A main of crispy chicken



accompanied by sauteed ‘cicoria’ on our request, was definitely not your KFC variety: cooked with great skill, the meat buttery and with a superb flavour, protected by its crispy layer, we could have eaten tons of it.


Desserts, desserts…


This chocolate and hazelnut torte





was a good start, but…we are freaks with pannacotta, and incredibly it is so rare to find a properly made one even in Michelin starred venues. But this one



is another perfect dish. Just the amount of thickener that prevents it from collapsing, so that its full creaminess is preserved, a high quality milk, and a gentle accompaniment of three different jams (one of which from the typical Chinotto oranges). Delicious.

And since Woman had been spotted eyeing the dessert on another table, here magically comes an homage of “bombette”: 

 



The scream of “don’t bite” arrived too late for Man, while judicious Woman gulped hers in one bite, and can still remember the extasy of the runny custard and the flaky pastry – gorgeous!


The prices are extremely kind; without the truffle (which at 4 Euro per gram was anyway faaaar less expensive than elsewhere, at equal quality) a three course meal for two comes to less than 100 euros with water, coffee and an excellent 27 Euro Barbera d’Asti (that would have set you back 70 pounds in London). Ah, and since we were arriving from Scotland, we were treated to a tasting of this amazing Japanese fellow:



Well, we’re not whisky experts but the depth of smoky, orangey notes and infinite persistency we experienced was sublime.


Fired up by the fearsome (for us fading middle-agers…) energy of the two young founders Pietro (Vergano) and Andrea (Verra), 



this is for us the hottest ticket in town as far as ‘trattorie’ go. Propelled by stratospheric raw materials, the simply prepared dishes here are pure delight and a discovery journey trough Italian ingredients. In fact, not only Italian: on the night we visited there were on offer oysters from Brittany and cheeses from… England. Talk of open-mindedness. 


Is it all a dreamworld of perfection? Of course it isn’t, the more elaborate the dishes the higher the chance of finding (if you are really mean) some minor cooking imperfection or imbalance in flavours.

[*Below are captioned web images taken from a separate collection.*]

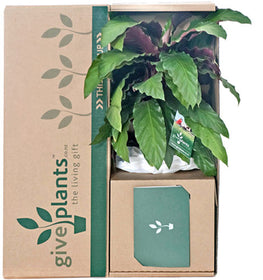 Calathea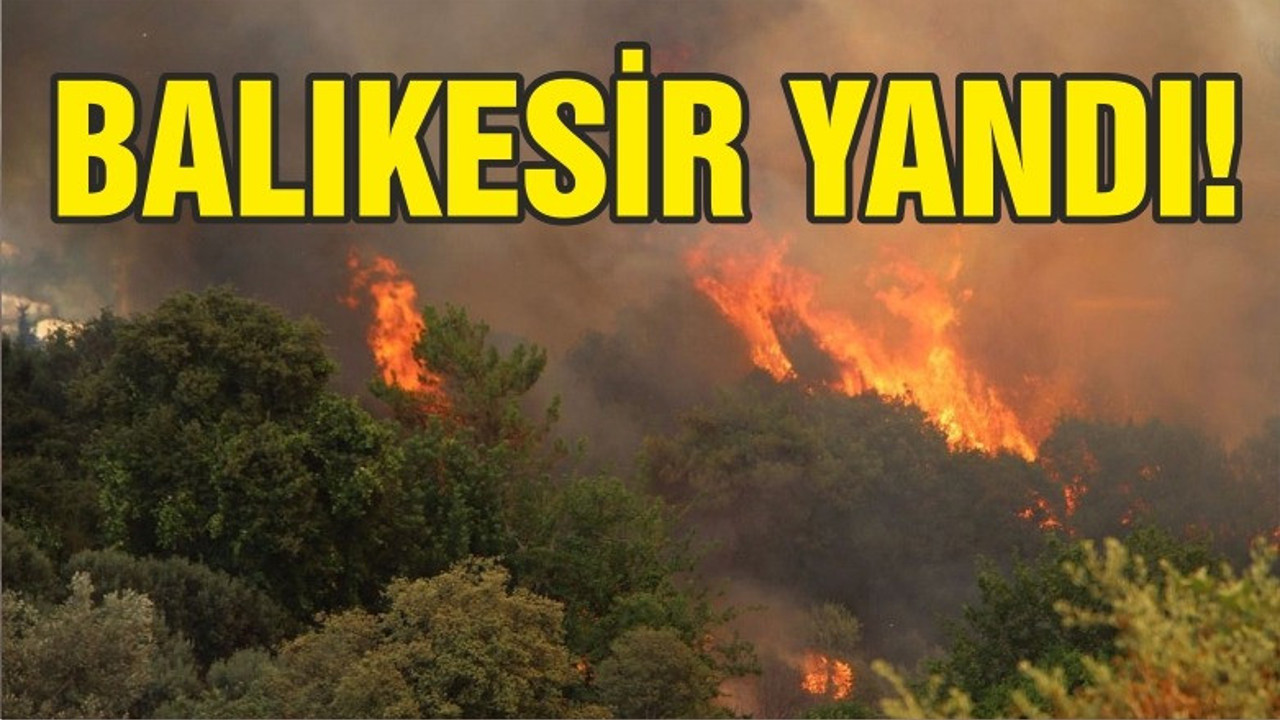 BALIKESİR ALEV ALEV YANDI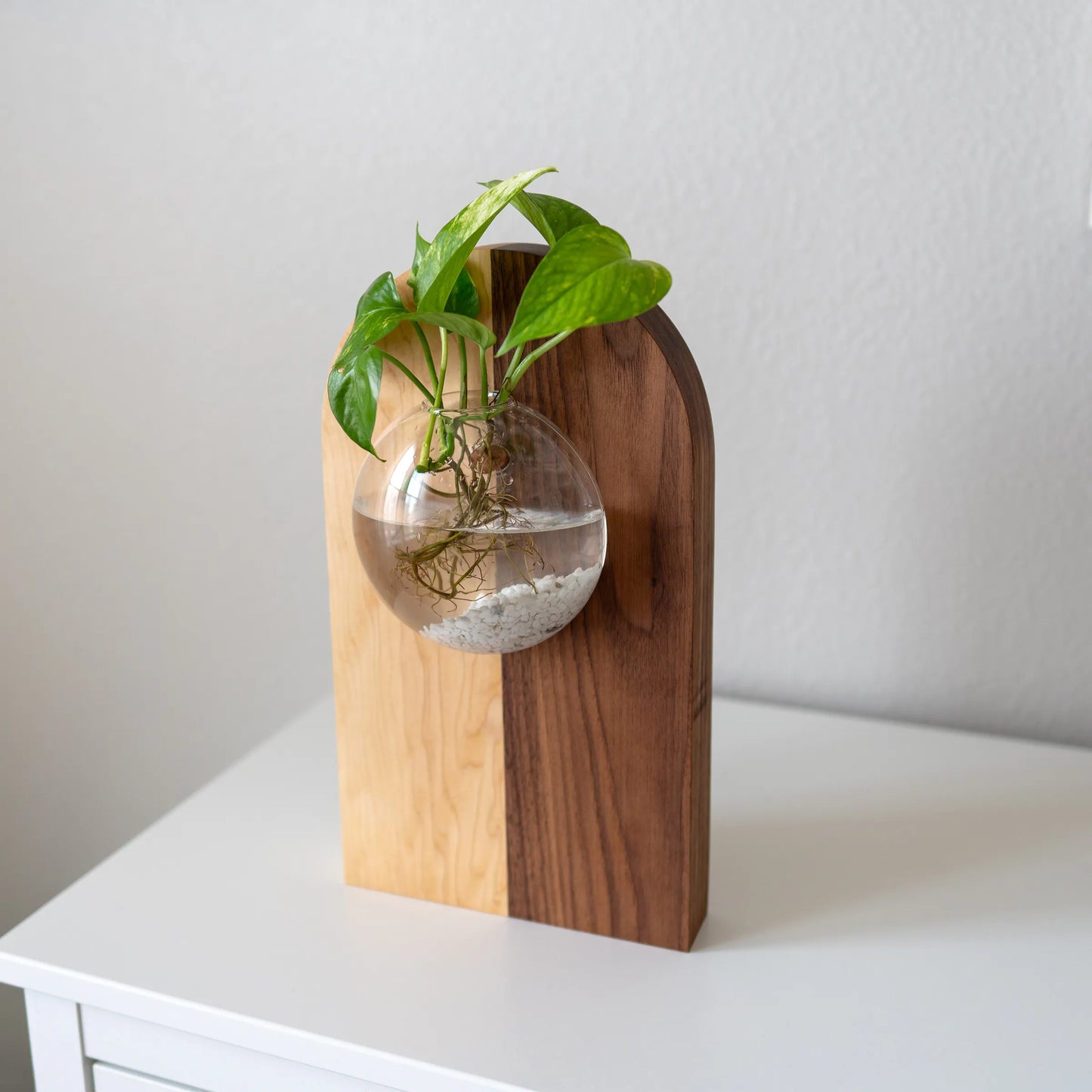 Wall Hanging Propagation Station – Fly Me To The Moon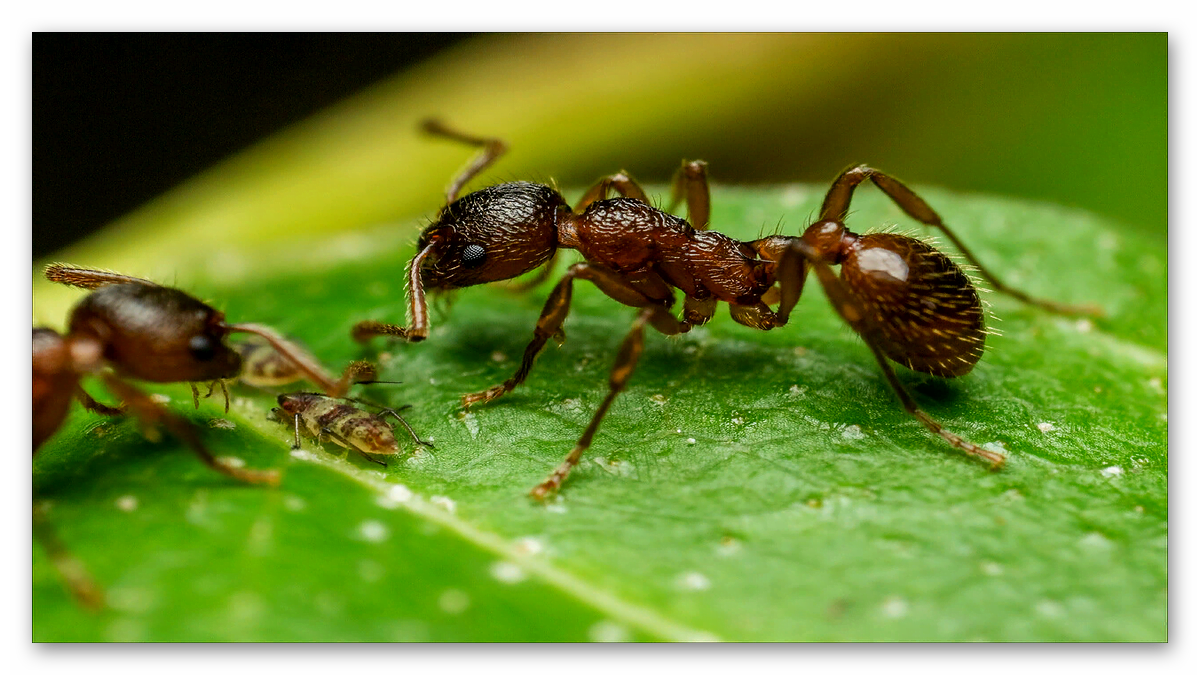 Karıncaların Koklayarak Kanseri Tespit Edebildiği Keşfedildi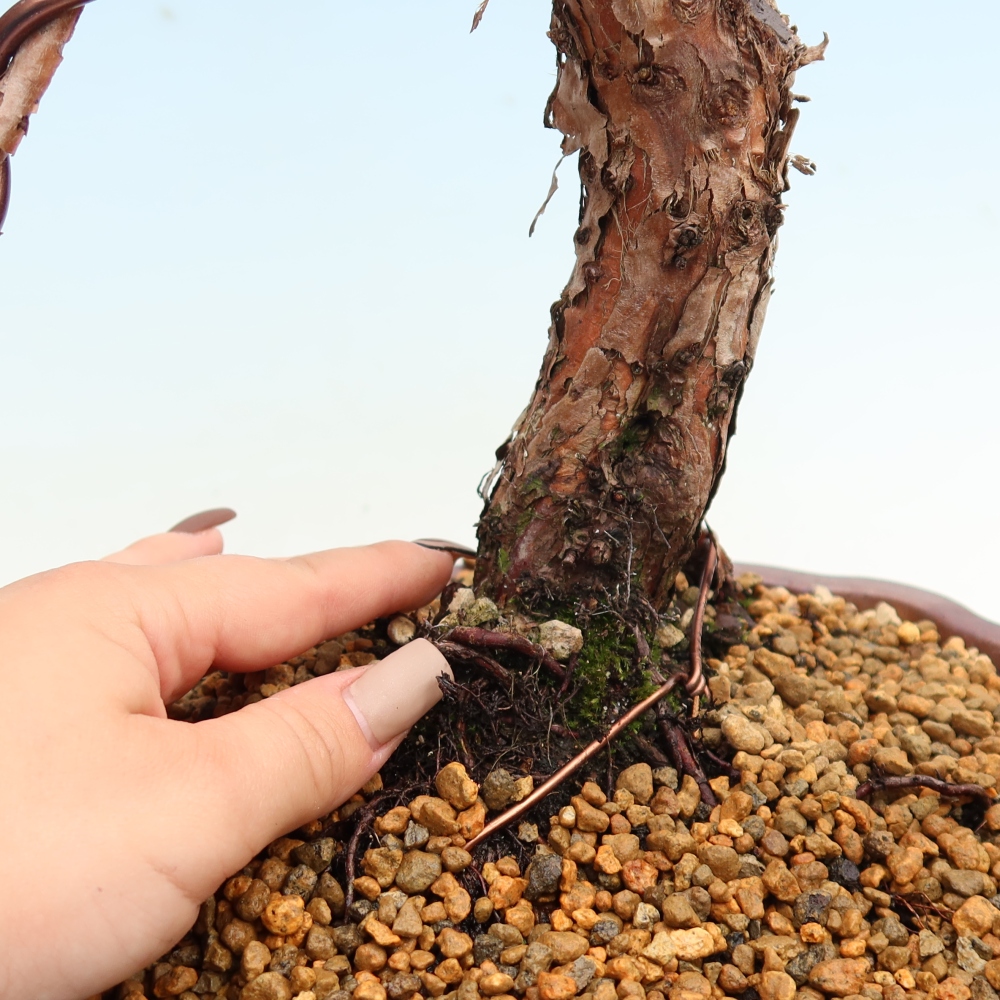 Vonkajší bonsaj - Juniperus chinensis Kishu
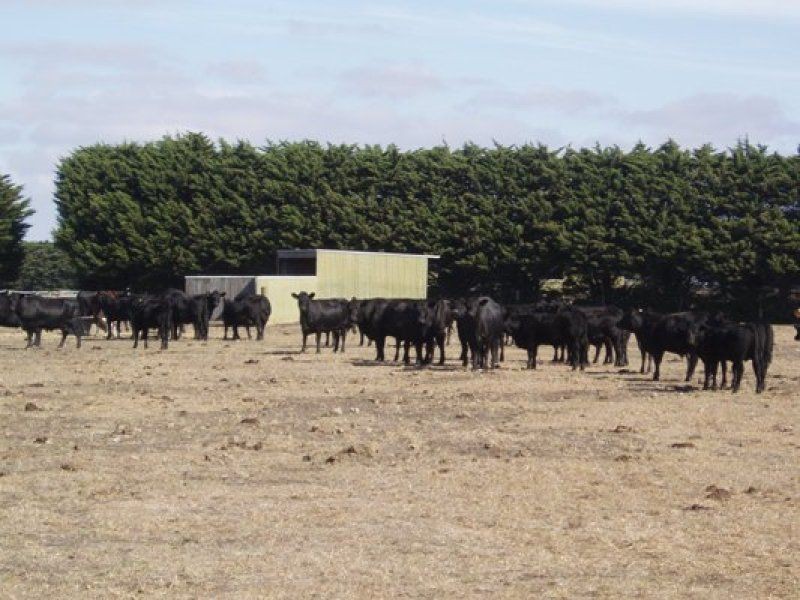 225 Considines Road, Modewarre VIC 3240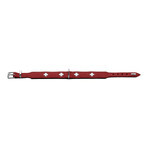 Collare per Cani Hunter Swiss Rosso/Nero (24-28.5 cm) Collare per Cani Hunter Swiss Rosso/Nero (24-28.5 cm)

But this is if you are really mean, as we said. Because eating at Consorzio is pure joy, to which one should abandon oneself, and it is hard to think of other places where one finds such an assortment of high quality produce. 

A special mention also for the wine list (done by Pietro), absolutely original, full of surprises, and clearly a labour of love. 


Ah: they also have the best espressos we’ve had in Turin (and we’ve had many, and many good ones). Well done guys – you’ll go far.